= Strawweight (MMA) =

Mixed martial arts weight class

The strawweight division in mixed martial arts is for competitors weighing between 106 and 115 lb (48 to 52 kg). It sits between the lighter atomweight division and the heavier flyweight division.
- The UFC's strawweight division, which groups competitors within 106 to 115 lb (48 to 52 kg)
- The ONE Championship's strawweight division, with upper limit at 56.7 kg
- The Road FC's strawweight division, with upper limit at 115 lb (52 kg)
- Pancrase's strawweight division, which groups competitors within 110.2 to 115.2 lb (50 to 52.2 kg)
- Oktagon MMA's women’s strawweight division, with upper limit at 53 kg
- Shooto's strawweight division, with upper limit at 52 kg and 52.2 kg for women’s competitors.
- The Legacy Fighting Alliance's women’s strawweight division, with upper limit at 115 lb
- Jungle Fight's women’s strawweight division, with upper limit at 52 kg

== Ambiguity and clarification ==
Until recently, the strawweight division in mixed martial arts was not defined by the Unified Rules of Mixed Martial Arts, which since the inception of the Unified Rules had grouped all competitors below 125 lb (57 kg) together as flyweights.
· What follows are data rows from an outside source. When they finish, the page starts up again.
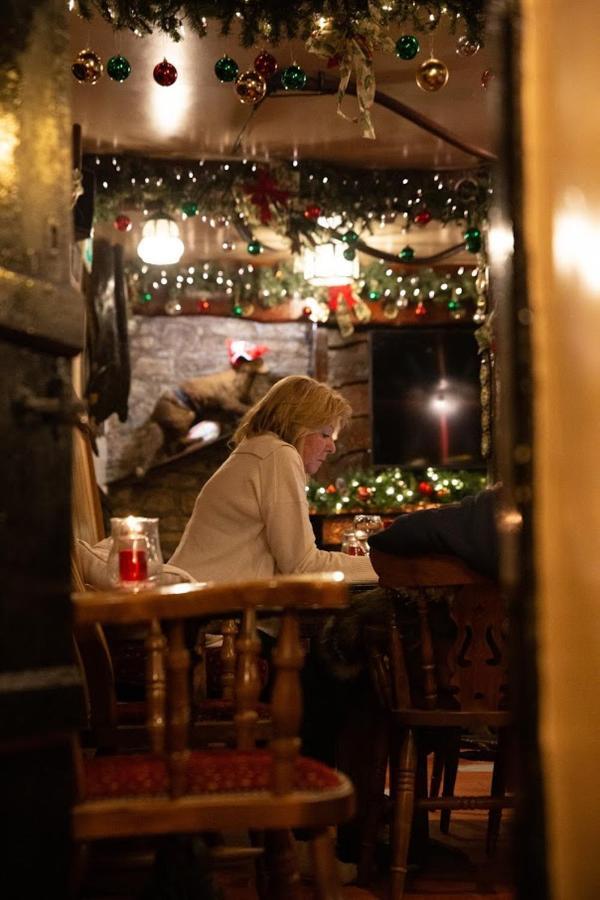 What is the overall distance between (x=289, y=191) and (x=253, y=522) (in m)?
4.33

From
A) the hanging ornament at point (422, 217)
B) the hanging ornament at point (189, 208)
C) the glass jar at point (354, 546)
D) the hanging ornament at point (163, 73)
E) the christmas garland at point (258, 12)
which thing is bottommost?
the glass jar at point (354, 546)

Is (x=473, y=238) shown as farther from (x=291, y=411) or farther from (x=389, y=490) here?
(x=291, y=411)

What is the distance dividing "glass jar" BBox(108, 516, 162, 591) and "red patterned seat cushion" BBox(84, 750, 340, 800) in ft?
1.71

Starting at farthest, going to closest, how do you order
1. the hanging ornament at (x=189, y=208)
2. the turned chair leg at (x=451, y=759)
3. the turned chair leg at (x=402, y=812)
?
the hanging ornament at (x=189, y=208), the turned chair leg at (x=451, y=759), the turned chair leg at (x=402, y=812)

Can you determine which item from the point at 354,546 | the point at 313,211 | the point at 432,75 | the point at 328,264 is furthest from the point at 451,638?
the point at 328,264

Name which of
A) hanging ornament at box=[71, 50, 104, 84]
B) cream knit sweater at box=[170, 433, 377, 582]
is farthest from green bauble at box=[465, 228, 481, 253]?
cream knit sweater at box=[170, 433, 377, 582]

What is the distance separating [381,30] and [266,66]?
488 mm

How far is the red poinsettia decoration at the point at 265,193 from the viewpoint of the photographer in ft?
25.0

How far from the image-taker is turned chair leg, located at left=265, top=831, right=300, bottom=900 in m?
2.11

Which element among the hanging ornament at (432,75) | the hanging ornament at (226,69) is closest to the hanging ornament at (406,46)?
the hanging ornament at (432,75)

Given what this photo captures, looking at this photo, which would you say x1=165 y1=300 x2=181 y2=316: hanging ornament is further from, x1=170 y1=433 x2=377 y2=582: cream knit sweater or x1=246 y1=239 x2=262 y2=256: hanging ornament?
x1=170 y1=433 x2=377 y2=582: cream knit sweater

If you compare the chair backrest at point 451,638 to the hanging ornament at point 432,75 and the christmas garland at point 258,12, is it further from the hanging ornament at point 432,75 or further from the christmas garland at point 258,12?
the christmas garland at point 258,12

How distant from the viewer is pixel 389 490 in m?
8.88

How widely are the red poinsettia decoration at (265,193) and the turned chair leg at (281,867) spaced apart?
598 centimetres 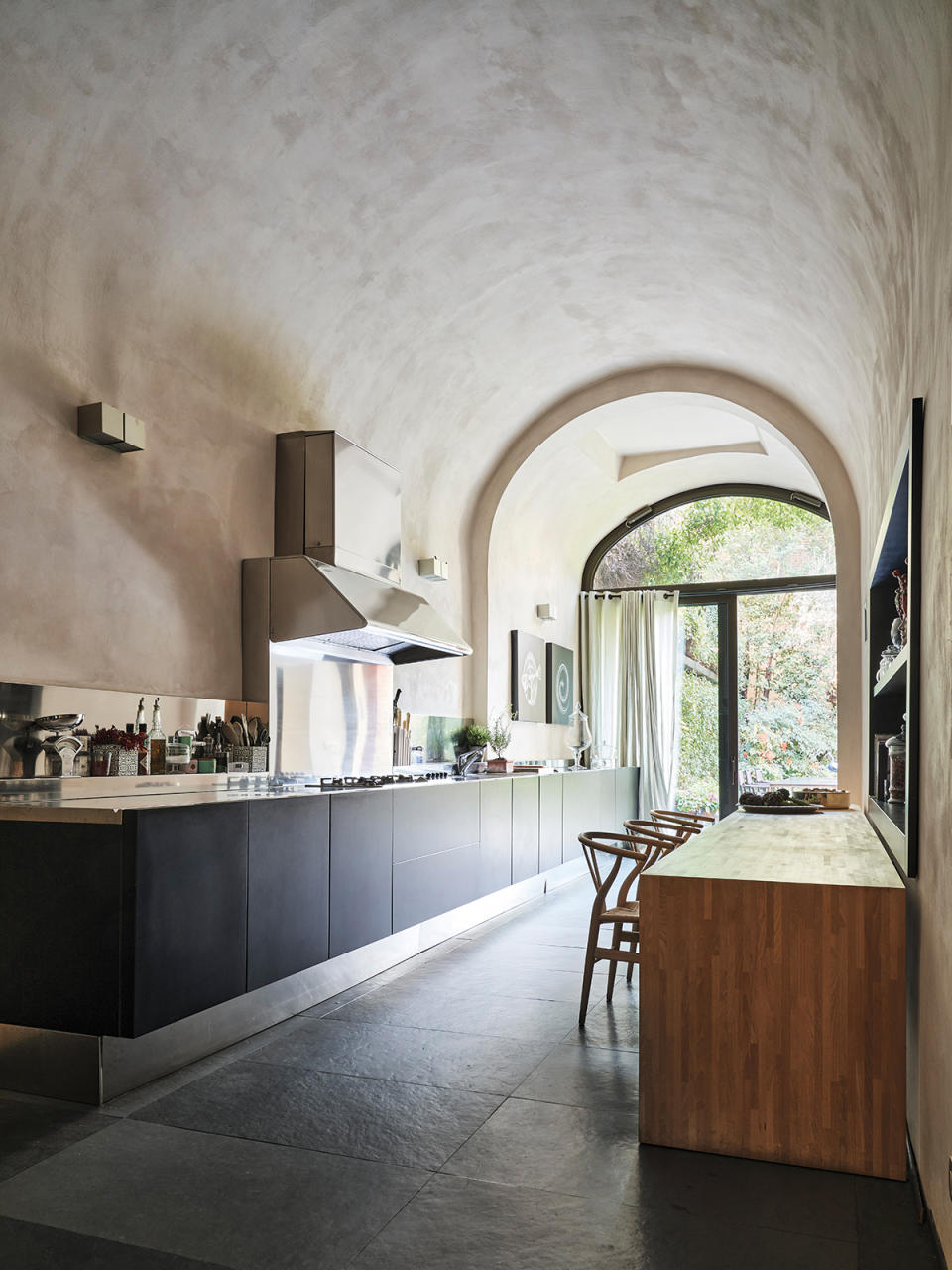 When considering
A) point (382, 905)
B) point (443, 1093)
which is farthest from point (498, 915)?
point (443, 1093)

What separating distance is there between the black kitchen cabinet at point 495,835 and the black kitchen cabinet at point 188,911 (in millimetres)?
2319

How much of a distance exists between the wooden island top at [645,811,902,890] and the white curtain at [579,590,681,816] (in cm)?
492

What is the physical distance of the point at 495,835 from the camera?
18.7ft

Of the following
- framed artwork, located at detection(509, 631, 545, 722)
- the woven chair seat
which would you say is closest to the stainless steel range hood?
the woven chair seat

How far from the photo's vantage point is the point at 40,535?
3.60 meters

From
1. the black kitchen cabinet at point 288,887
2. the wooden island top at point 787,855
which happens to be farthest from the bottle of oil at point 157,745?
the wooden island top at point 787,855

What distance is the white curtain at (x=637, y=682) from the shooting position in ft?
31.4

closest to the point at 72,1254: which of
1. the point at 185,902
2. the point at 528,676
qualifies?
the point at 185,902

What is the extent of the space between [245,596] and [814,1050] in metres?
3.30

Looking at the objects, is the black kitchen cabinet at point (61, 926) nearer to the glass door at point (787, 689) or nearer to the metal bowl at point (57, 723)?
the metal bowl at point (57, 723)

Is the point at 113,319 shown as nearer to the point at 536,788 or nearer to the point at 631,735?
the point at 536,788

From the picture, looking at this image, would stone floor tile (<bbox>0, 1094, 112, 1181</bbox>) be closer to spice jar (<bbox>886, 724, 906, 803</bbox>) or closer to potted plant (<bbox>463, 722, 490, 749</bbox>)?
spice jar (<bbox>886, 724, 906, 803</bbox>)

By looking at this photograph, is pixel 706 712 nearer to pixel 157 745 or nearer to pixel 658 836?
pixel 658 836

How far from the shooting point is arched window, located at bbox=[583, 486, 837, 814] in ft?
30.2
Support for the class has grown steadily since about 2013:

- Invicta Fighting Championships, an all women's MMA organization, held their first strawweight title fight on January 5, 2013, and now regularly holds contests at this weight and circulates a championship title.
- Super Fight League, an Indian MMA promotion, have been holding female strawweight fights at 105-115 pounds / 52.2 kilograms since SFL 17 in May 2013.
- In Japan, Shooto regularly holds contests at that weight class and circulates a championship belt for the division.
- UFC has added a women's strawweight division that is set at 115 lbs.
- Carla Esparza became the inaugural UFC Women's Strawweight Champion at The Ultimate Fighter: A Champion Will Be Crowned Finale on December 12, 2014.
- The Association of Boxing Commissions officially added the 115 lb strawweight division on July 29, 2015.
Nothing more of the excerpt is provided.